44 – A ordem visual além da poluição visual.

Cada município brasileiro possui, ou deveria possuir, seu respectivo Código de Posturas. Aprovados por leis municipais, esses códigos cuidam da organização e da utilização de espaços públicos. A abrangência dessa expressão “espaços públicos” é passível de refinamentos. “Locais públicos”, “logradouros públicos”, “próprios públicos” são expressões, em certa medida, análogas.

O licenciamento prévio à instalação de outdoors em imóveis particulares exemplifica um aspecto da organização desses espaços, pois a visibilidade desses outdoors, engenhos de publicidade, não fica limitada ao interior desses imóveis particulares. A localização e o tamanho são exemplos de características desses engenhos a serem previamente observadas a fim de não haver poluição visual. Igualmente, convém observar se são luminosos ou não, se são próximos entre si ou distantes e se são prejudiciais à visibilidade de bens paisagísticos e/ou tombados. Outras características e circunstâncias podem se fazer pertinentes conforme especificidades locais, embora não sejam elencadas no presente texto.

Em metrópoles conurbadas no Brasil, cada munícipio cuida, ao seu modo, da poluição visual. Funcionalmente, tem-se uma cidade. Administrativamente, há várias. Não afirmo que a segmentação administrativa fomenta a poluição. Reconheço, porém, que é possível perceber diferenças nas várias paisagens urbanas.
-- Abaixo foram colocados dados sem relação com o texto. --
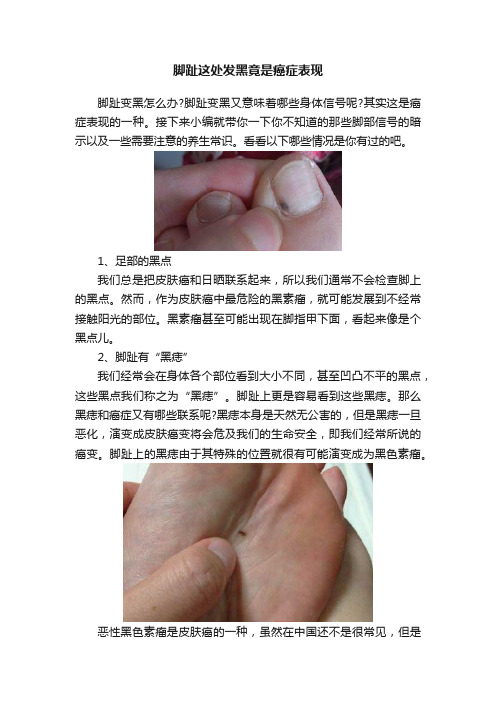 脚趾这处发黑竟是癌症表现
Ao longo de uma rodovia que perpassa zonas urbanas de diversos munícipios em Minas Gerais, no Brasil, percebo que os engenhos de publicidade apresentam variações de características, ora muito altos, ora luminosos, ora iluminados durante a noite, ora próximos uns aos outros, ora distantes.

Um engenho de publicidade quer ser visto. Ele fica onde possa ser visto, perto ou longe dos caminhos das pessoas. Ele busca destaque em meio à paisagem. Ele é parte do teor da paisagem. Ele ajuda a compor a ordem visual da cidade, mas, conforme circunstâncias e contextos, contribui para desordens e poluições visuais.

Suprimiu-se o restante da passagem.